How to Pronounce the ed ending
‘ed’ endings are sounds that many people struggle to either reproduce correctly or just flat out drop of the end of the word. ‘ed’ endings are so important in the English language, meanings, tenses, and comprehension can all be affected by using the wrong sound or no sound at all.
The question is:
-How to pronounce the ed ending?
The answer is:
- In 3 ways - /Id/ or / t/ or / d/
OK OK, that didn’t help very much!
Rules are as follows below
- that it is the sound that is important, not the letter or spelling. For example, “fax” ends in the letter “x” but the sound /s/; “like” ends in the letter “e” but the sound /k/.

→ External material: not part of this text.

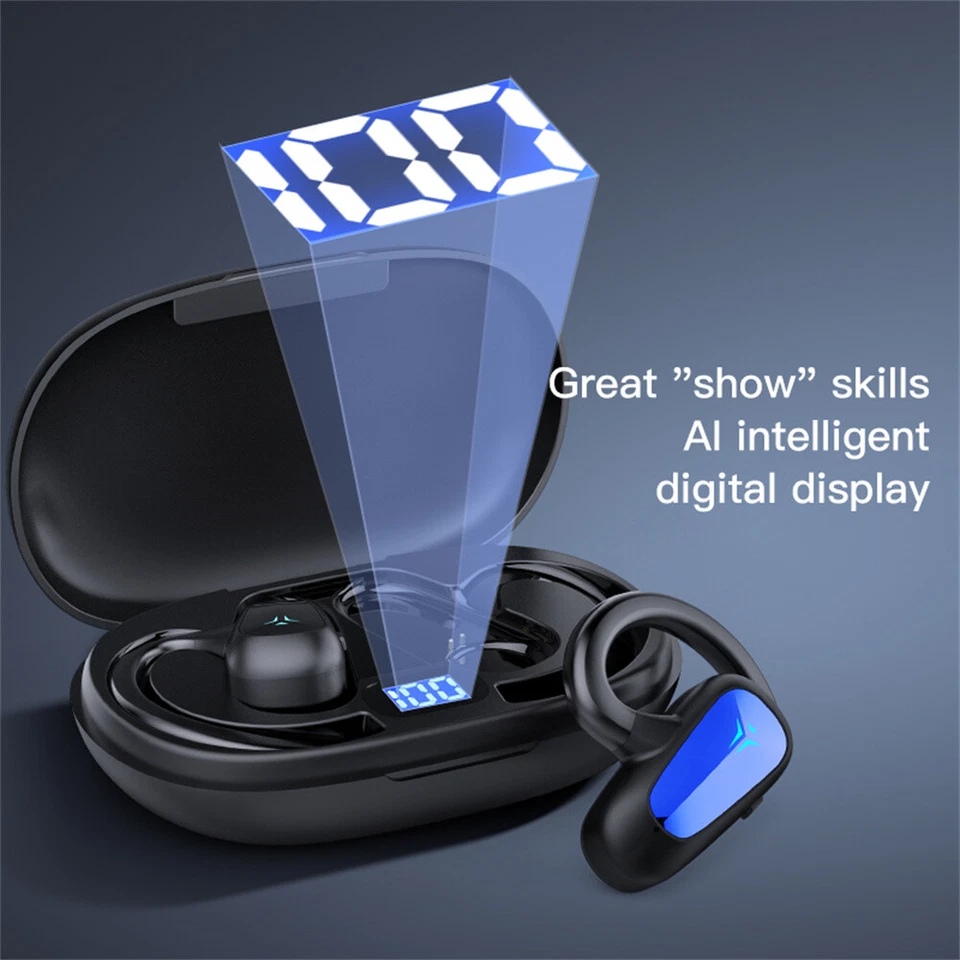 Bluetooth Headsets Wireless Stereo Earbud Bluetooth Headphone for Android iOS - Image 4 of 4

1.) If the word ends with one of the following sounds: /t/, /d/, pronounce the ‘ed’ ending as /Id/
|Collected||V||/ kəˈlektID /|
2.) If the word ends with a voiced consonant: /b/, /g/, /v/, /z/, /ʒ/, /dʒ/, /ð/, /m/, /n/, /ŋ/, /l/, /r/ or a Vowel sound, pronounce the ‘ed’ ending as /d/
3.) If the word ends with a Unvoiced consonant: /p/, /k/, /f/, /s/, /ʃ/, /tʃ/, pronounce the ‘ed’ ending as /t/
4.) Exceptions The following -ed words used as adjectives are pronounced with /Id/:
So we say:
- an aged man /Id/
- a blessed nuisance /Id/
- a dogged persistence /Id/
- a learned professor – the professor, who was truly learned /Id/
- a wretched beggar – the beggar was wretched /Id/
But when used as real verbs (past simple and past participle), the normal rules apply and we say:
- he aged quickly /d/
- he blessed me /t/
- they dogged him /d/
- he has learned well /d/ or /t/
The final letter is not important, it is the final sound which affects the ‘ed’ ending.